46th President of the National Convention
- In office 5–19 July 1794
- Preceded by: Élie Lacoste
- Succeeded by: Jean-Marie Collot d'Herbois

Personal details
- Born: 10 March 1742 Bar-le-Duc, Meuse, Kingdom of France
- Died: 19 August 1796 (aged 32) Paris, French First Republic
- Party: The Mountain

= Jean-Antoine Louis du Bas-Rhin =

Municipal functionary (1742–1796)

Jean-Antoine Louis known as "Louis du Bas-Rhin" (10 March 1742 in Bar-le-Duc – 1796), was a municipal functionary from Strasbourg.

He was employed under the Intendant of Alsace when the French Revolution began. He rapidly adopted the new ideas.
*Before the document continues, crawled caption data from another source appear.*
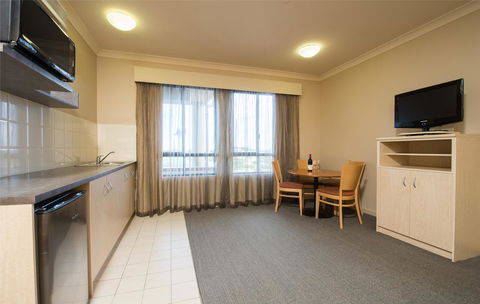 McCracken Country Club - St Kilda Accommodation 24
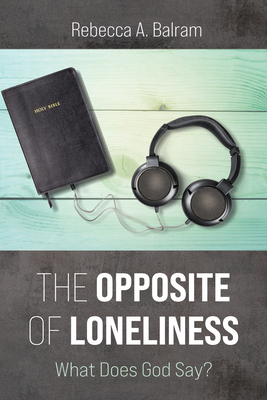 Seller image for The Opposite of Loneliness (Paperback or Softback) for sale by BargainBookStores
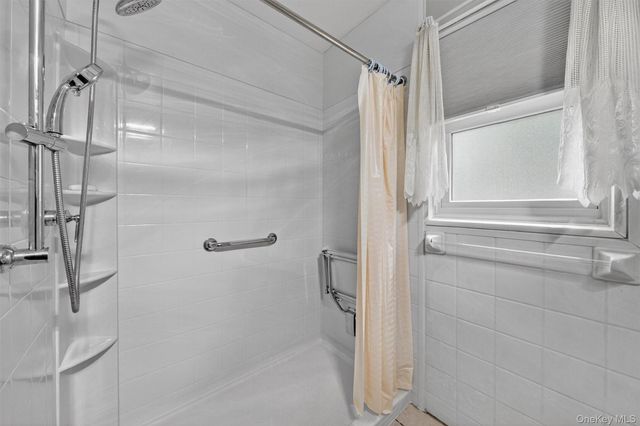 86 Demarest Avenue 1, West Nyack, NY 10994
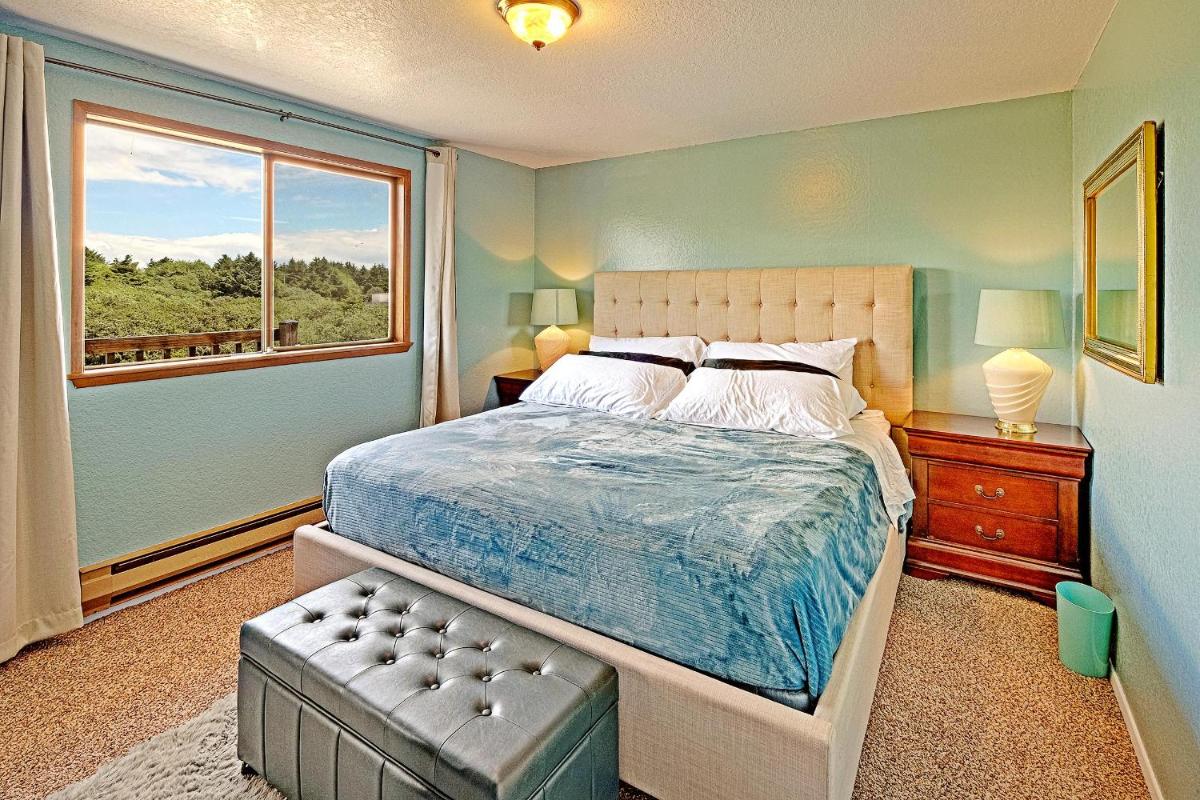 Treasured Cove Condo - image 7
== During the Revolution ==

During the National Assembly, Louis served as an administrator and member of the Directory of the Département of Bas-Rhin in 1791.
Elected deputy to the Convention for the département of Bas-Rhin (1792, he voted for the death of Louis XVI. Elected to Committee of General Security in October 1793. With Jean-Adam Pflieger, sent as Representative on a Mission to Alsace from March to July 1793. He served as President of the Convention from 5 July 1794 to 19 July 1794. It was the last complete term of office for a President before the end of the French Terror.

With the fall of Maximilien Robespierre 9 Thermidor he was released from his duties on the Committee of General Security. In his tenure on the committee he gained a reputation as one of the more accommodating, sympathetic members.

== Under the Directory ==

Elected deputy to Council of Five Hundred, he died before he could attend a session.